"Ever since we went to that wedding the other day, I have been wishing it were our own—that you and I might stand together before God's high altar in that little church with the sun streaming in, and be joined, each to the other, until death do us part.

"Sweetheart, can you trust me? Can you believe that it is for always and not just for a little while? Has your mother left her love to you as my father left me his?

"Let me have the sweetness of your leaning on me always, let me take care of you, comfort you when you are tired, laugh with you when you are glad, and love you until death and even after, as he loved her.

"Tell me you care, Barbara, even if it is only a little. Tell me you care, and I can wait, a long, long time.

Roger.

Barbara's heart sang with the joy of the morning. She opened the little worn book, with its yellow, tear-stained pages, and read it all, up to the very last line.

"Oh!" she cried aloud, in pity. "Oh! oh!"

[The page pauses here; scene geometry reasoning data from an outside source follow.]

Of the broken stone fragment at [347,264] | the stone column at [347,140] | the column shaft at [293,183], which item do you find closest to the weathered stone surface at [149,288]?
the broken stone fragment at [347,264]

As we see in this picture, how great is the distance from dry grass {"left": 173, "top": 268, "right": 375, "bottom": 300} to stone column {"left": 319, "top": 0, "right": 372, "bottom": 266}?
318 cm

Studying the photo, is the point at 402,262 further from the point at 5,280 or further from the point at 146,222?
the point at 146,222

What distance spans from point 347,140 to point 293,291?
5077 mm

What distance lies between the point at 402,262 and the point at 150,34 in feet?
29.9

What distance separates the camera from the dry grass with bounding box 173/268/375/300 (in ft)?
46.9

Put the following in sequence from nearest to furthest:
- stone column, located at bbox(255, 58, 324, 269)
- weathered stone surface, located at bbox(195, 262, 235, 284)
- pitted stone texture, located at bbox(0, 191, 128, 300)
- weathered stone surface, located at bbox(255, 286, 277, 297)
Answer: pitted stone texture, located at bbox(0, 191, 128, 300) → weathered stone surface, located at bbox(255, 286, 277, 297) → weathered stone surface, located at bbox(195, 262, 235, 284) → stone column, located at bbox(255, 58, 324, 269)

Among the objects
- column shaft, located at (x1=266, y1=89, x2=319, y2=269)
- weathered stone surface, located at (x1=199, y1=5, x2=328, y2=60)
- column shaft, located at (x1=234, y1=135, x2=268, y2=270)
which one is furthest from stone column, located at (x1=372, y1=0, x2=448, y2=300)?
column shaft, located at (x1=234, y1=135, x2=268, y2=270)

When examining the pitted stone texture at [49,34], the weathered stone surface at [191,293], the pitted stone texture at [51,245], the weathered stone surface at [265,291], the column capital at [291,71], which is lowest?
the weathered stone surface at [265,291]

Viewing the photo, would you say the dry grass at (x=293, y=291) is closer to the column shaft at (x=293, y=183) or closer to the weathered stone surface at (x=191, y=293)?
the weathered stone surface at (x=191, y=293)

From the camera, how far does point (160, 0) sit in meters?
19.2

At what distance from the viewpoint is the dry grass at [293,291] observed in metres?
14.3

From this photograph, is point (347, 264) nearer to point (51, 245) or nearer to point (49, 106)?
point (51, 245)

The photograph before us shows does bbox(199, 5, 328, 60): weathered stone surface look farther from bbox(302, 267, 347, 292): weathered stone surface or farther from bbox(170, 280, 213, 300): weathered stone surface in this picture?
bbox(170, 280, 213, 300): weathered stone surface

Fully understanding, she put it aside, closing the faded cover reverently on its love and pain. Then she turned to Roger's letter, and read it again.

First Flush of Rapture

Dreaming over it, in the first flush of that mystical rapture which makes the world new for those to whom it comes, as light is recreated with every dawn, she took no heed of the passing hours. She did not know that it was very late, nor that Aunt Miriam, much worried, had asked Roger to go in search of her. She knew only that love and morning and the sea were all hers.